In several other grounds of error, appellant challenges the authority of the prosecutor to discover Dr. Baker's medical reports and notes. Appellant contends that no predicate for discovery was established pursuant to the "use before the jury" rule, the "Gaskin" rule, or the "recollection refreshed" rule. Having decided that once Dr. Baker took the stand his reports were no longer privileged and were discoverable, we need not consider these contentions. The grounds of error are overruled.

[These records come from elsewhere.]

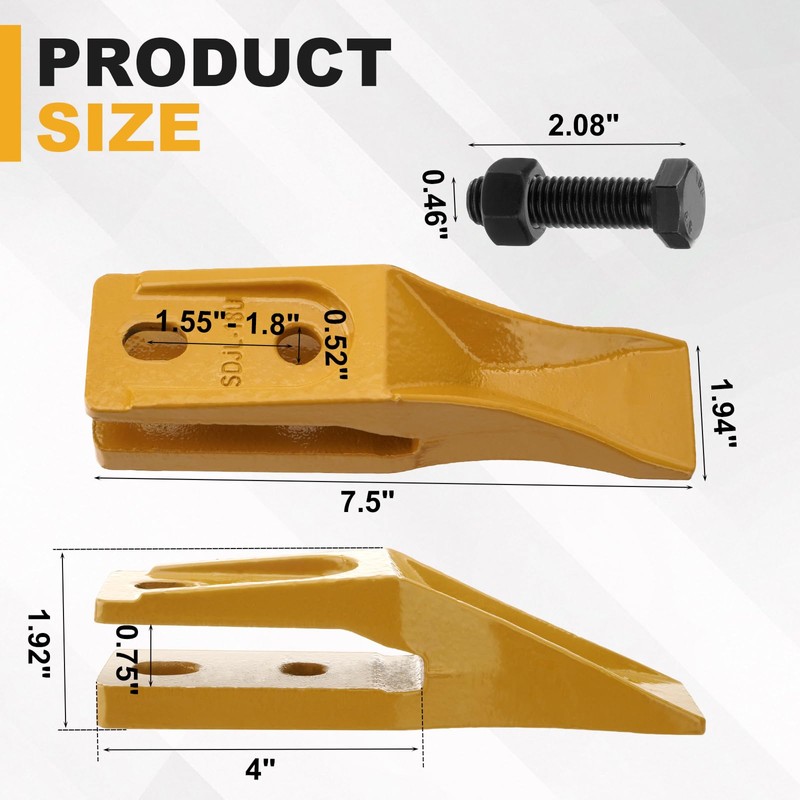 TRUCFUSION Skid Steer Loader Bucket Teeth 6684447, Backhoe Bucket Teeth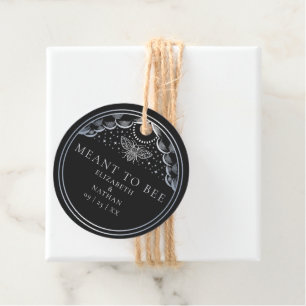 Silver Tarot Witchy Meant to Bee Honey Wedding Favour Tags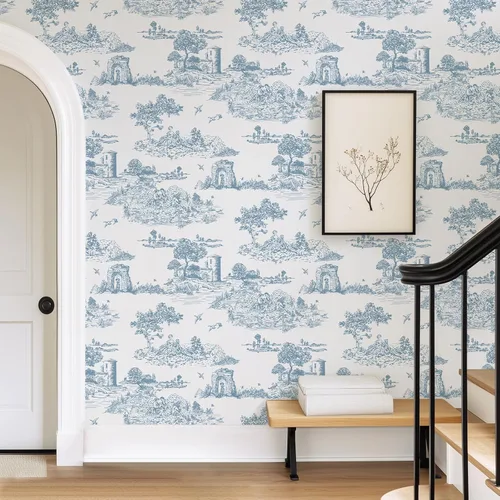 Miniatura 3 de WENMER Toile de Jouy - Papel de contacto Toile de Jouy, papel tapiz azul y blanco, papel adhesivo vintage de país francés para dormitorio, sala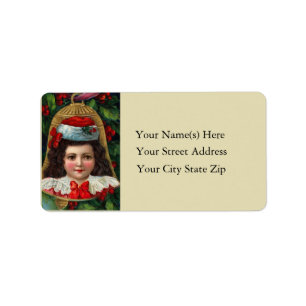 Victorian Christmas Bell Vintage Address Label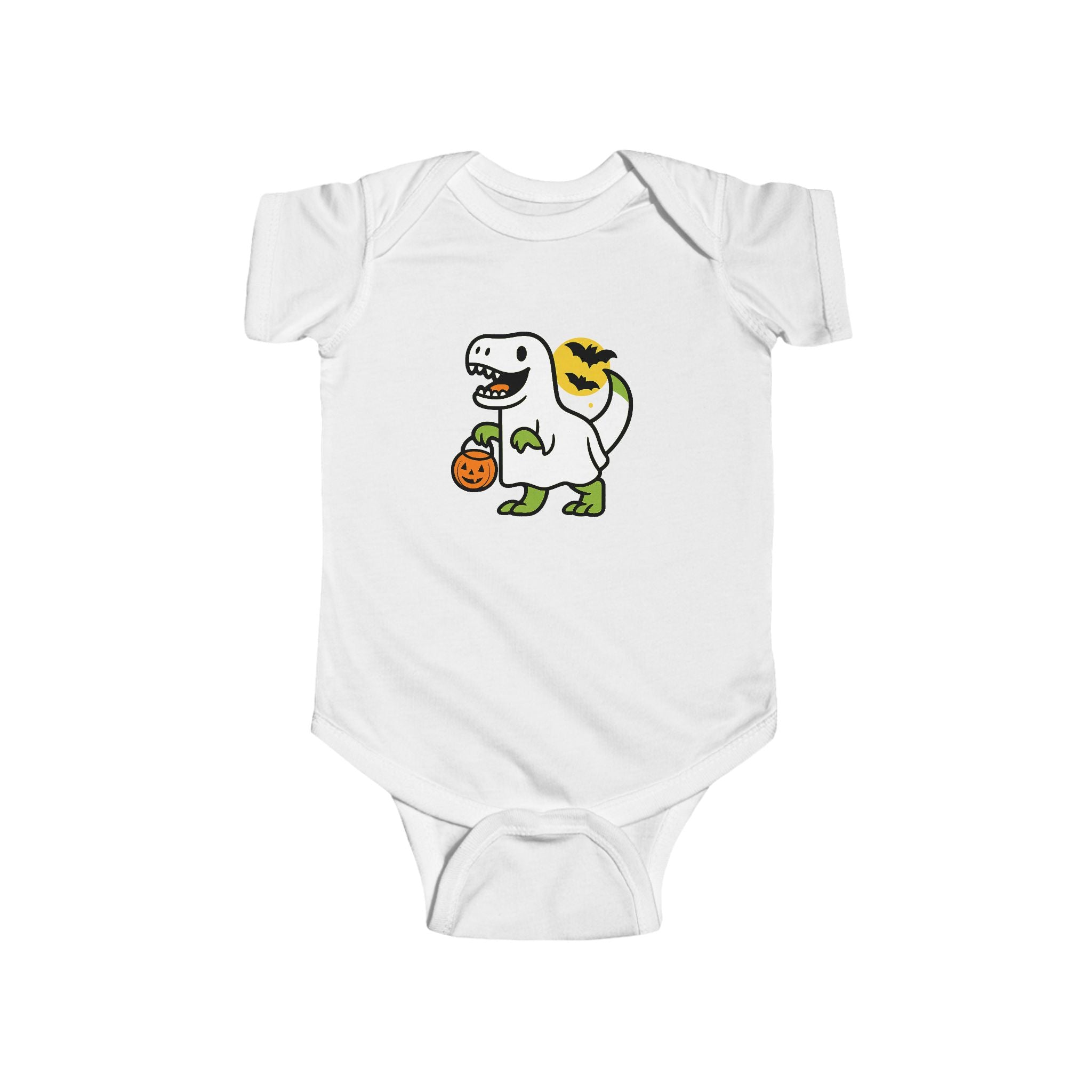 Dinosaur Ghost Halloween Baby Onesie Tee, Trick-or-Treat Dino Costume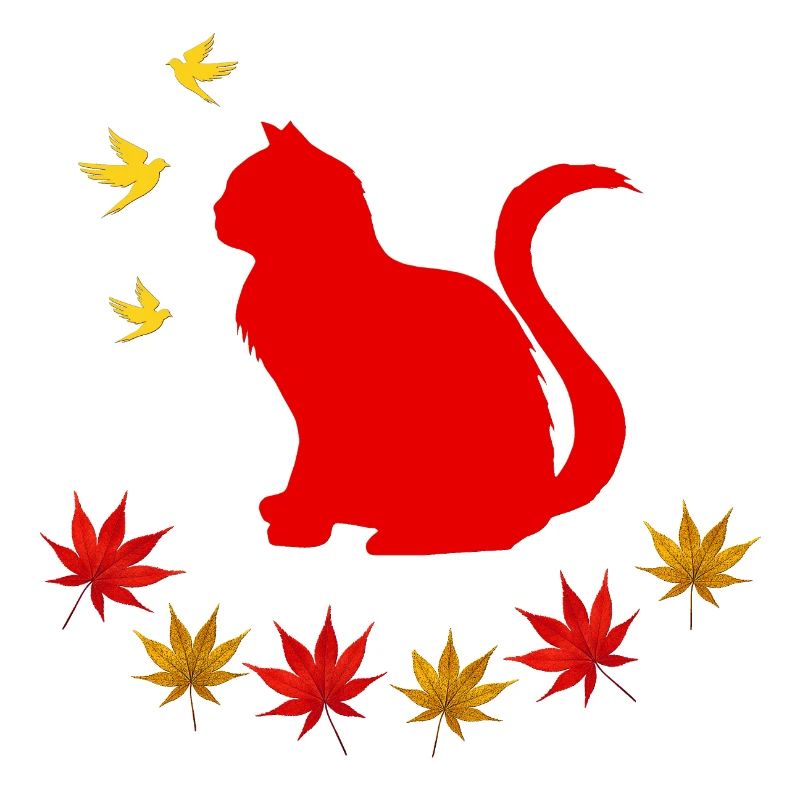 sitzende katze, herbstlich, pet prints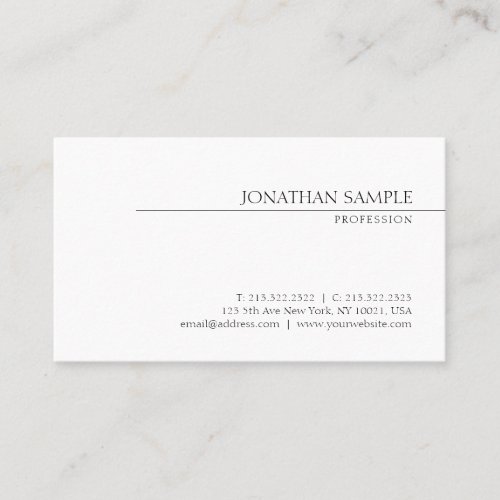 Minimalistic Elegant Modern Template Professional Business Card
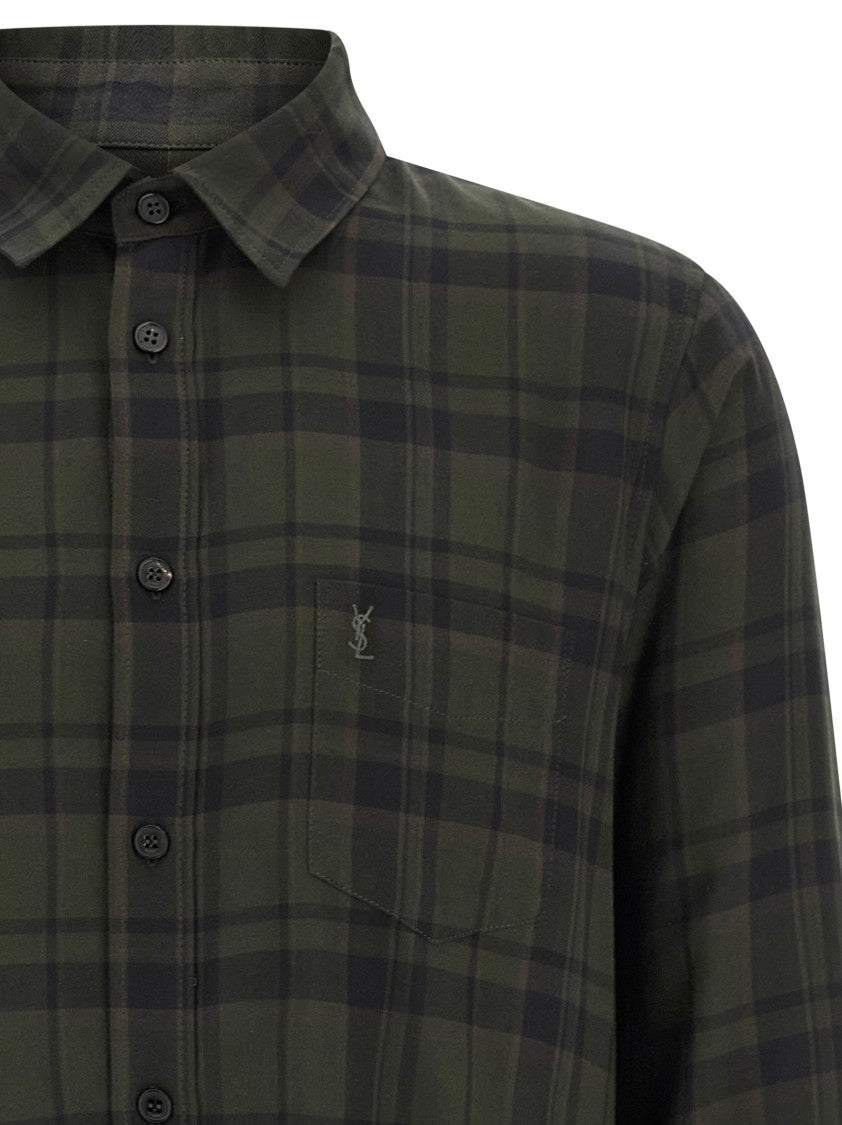 Saint Laurent Checkered Cotton Cassandre Shirt With Tone-On-Tone Embroidery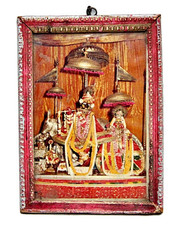 Vintage Hindu Lord Shri Radha Krishna Litho Print - Wooden Frame Wall Art picture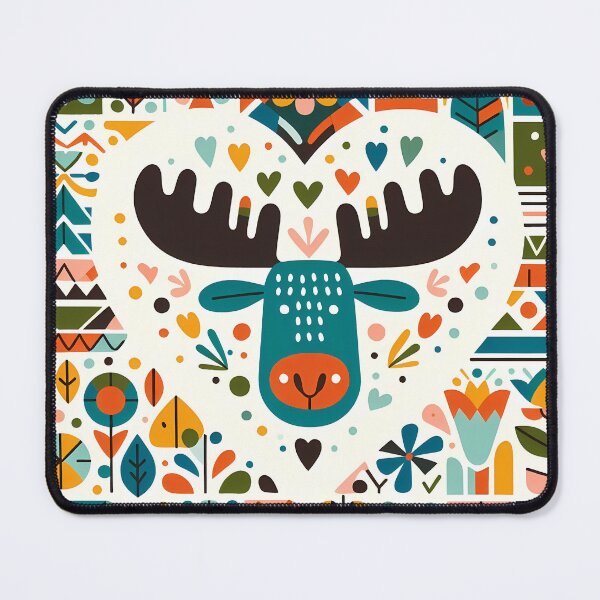 Item preview, Scandinavian Folk Art Cute Blue Moose Head Heart by heidiannemorris © designed and sold by FOLK ART FUSION by heidiannemorris.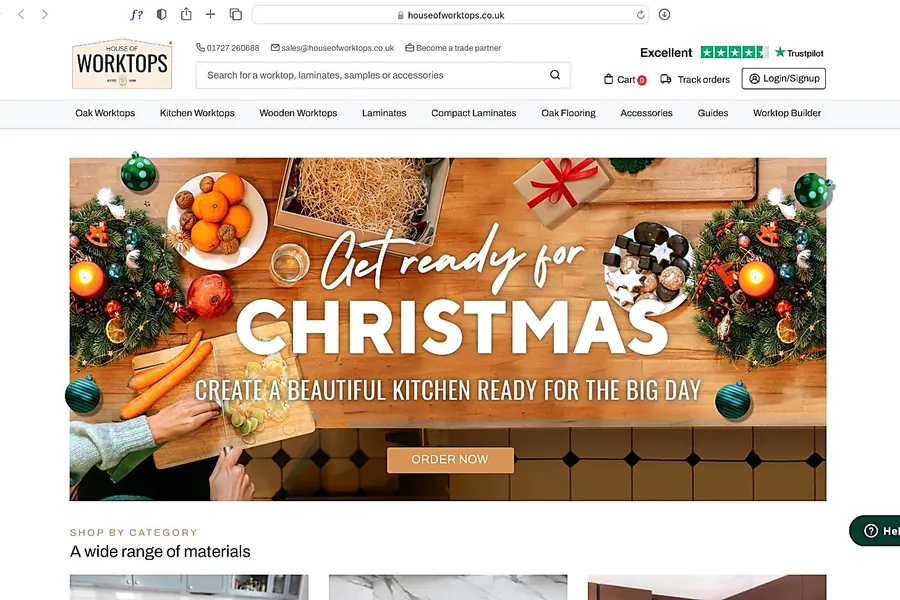 House of Worktops website homepage with a Christmas campaign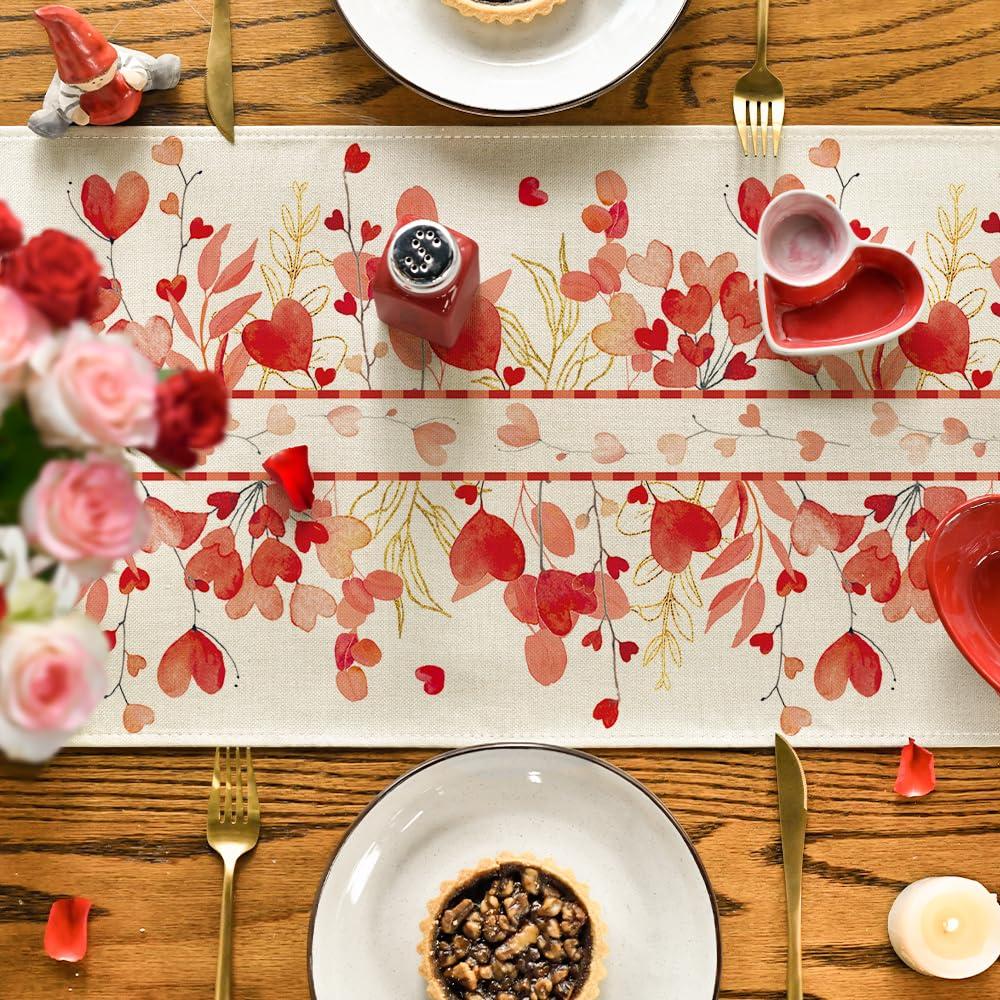 Artoid Mode Artoid Mode Red Heart Branch Valentine\'s Day Table Runner, Seasonal Leaf Kitchen Dining Table Decoration for Home Party Decor 13x72 Inch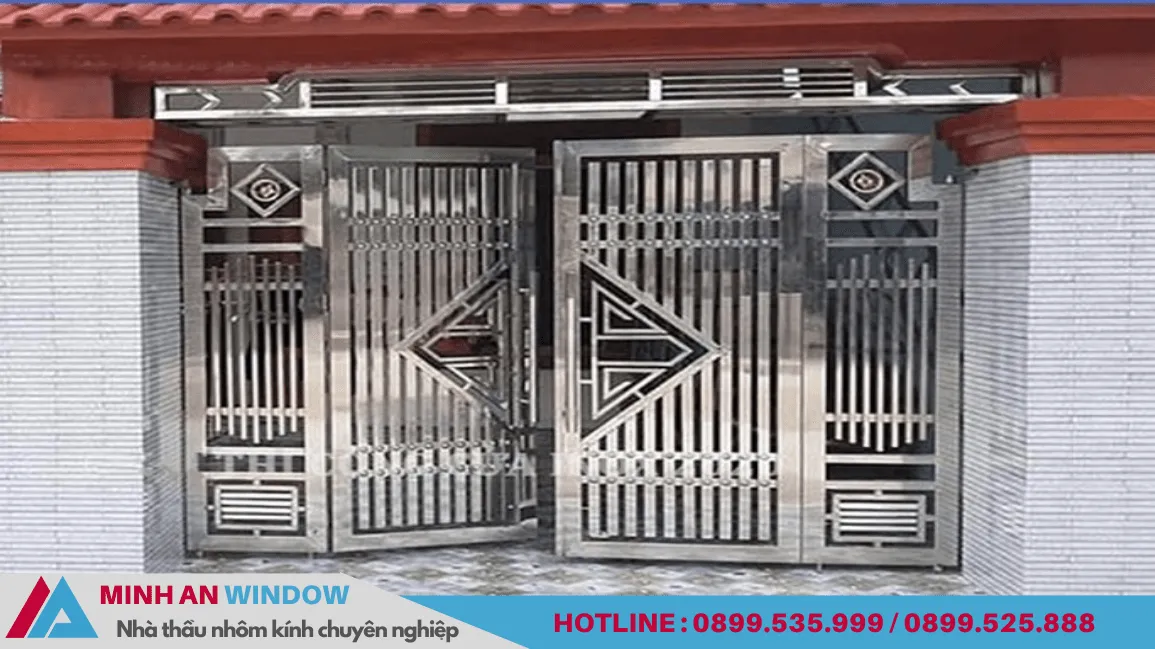 Cửa inox 4 cánh sơn tĩnh điện - Mẫu số 10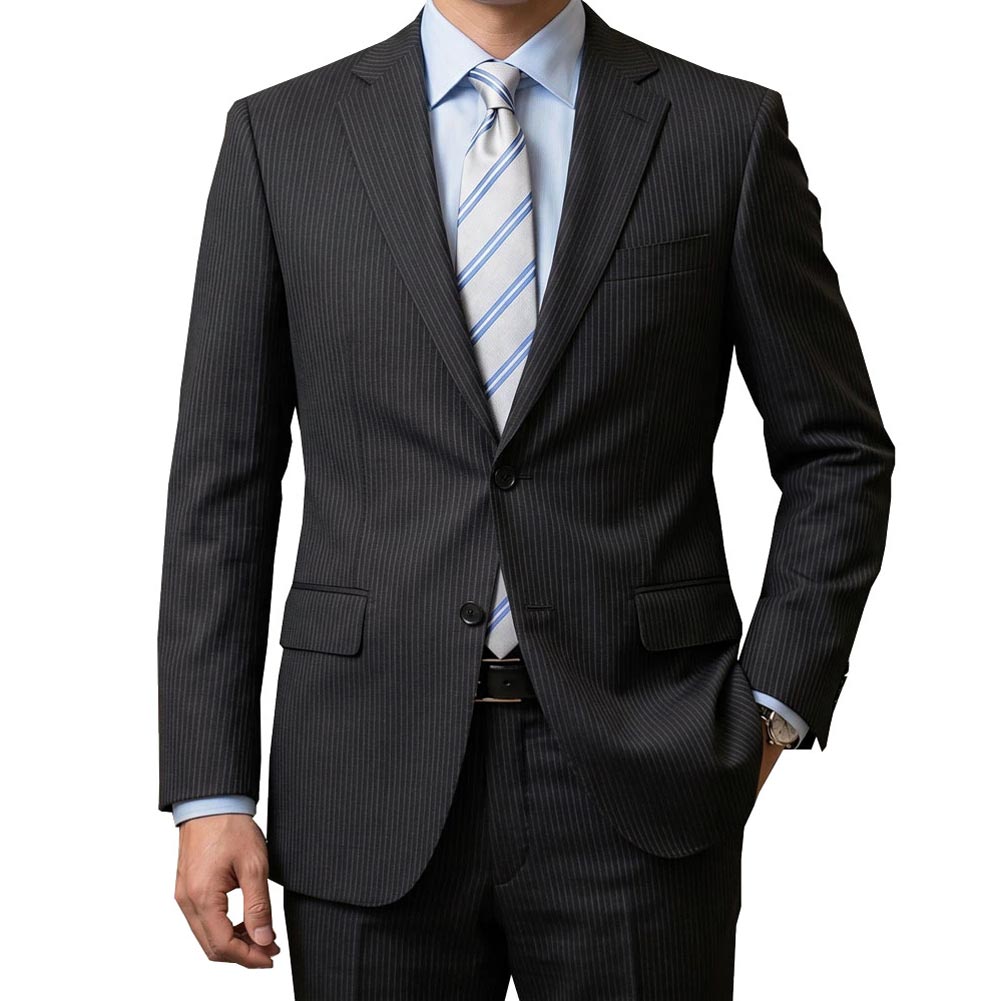 スーツ メンズ 春夏秋 シングルスーツ 2つボタン セルッティ(CERRUTI) ビジネススーツ ストライプ ブラック 黒 6109 AB5
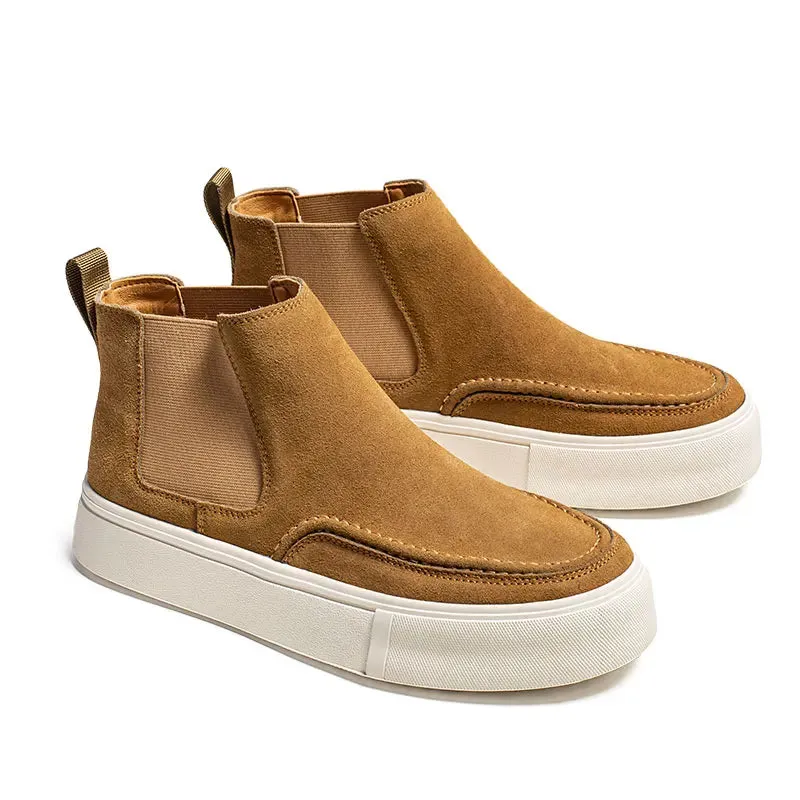 Boots: by BKQU. High-top Soft Boot. Thick-soled Comfort.  Water resistant.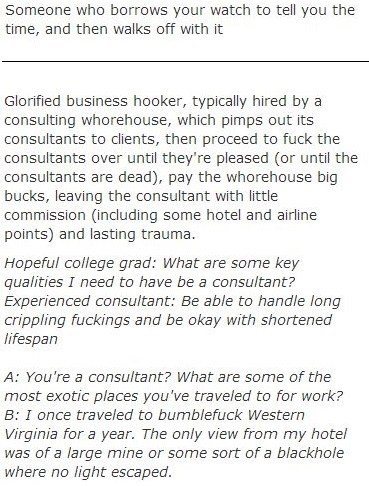 Related words: bullshit, corporate, expert, slut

*241 Appellant next contends that he was deprived of a fair trial because the prosecutor improperly revealed statements made by appellant to Dr. Baker during the sanity examinations. At trial, Dr. Baker testified that appellant was insane at the time of the offense. The prosecutor requested and was allowed to review Dr. Baker's notes. During cross-examination, the prosecutor made repeated reference to statements made by appellant to Dr. Baker during the private examinations. Appellant objected that use of the statements to Dr. Baker violated Article 46.02(3)(g), V.A.C.C.P.[1] The objection was overruled.

Prior to trial appellant had been found competent to stand trial. At trial the issue before the jury was appellant's sanity. In DeRusse v. State, 579 S.W.2d 224, 230 (Tex.Crim.App.1979), it was held that Article 46.02(3)(g), supra, does not prohibit "the trial use, relative to the sanity defense, of the defendant's statements to the psychiatrist during a combined competency/sanity examination." Dr. Baker examined appellant subsequent to the competency hearing. Dr. Baker's testimony was presented only in regard to appellant's sanity at the time of the offense. No violation of Article 46.02(3)(g), supra, is shown. See also Riles v. State, 595 S.W.2d 858 (Tex. Crim.App.1980). The ground of error is overruled.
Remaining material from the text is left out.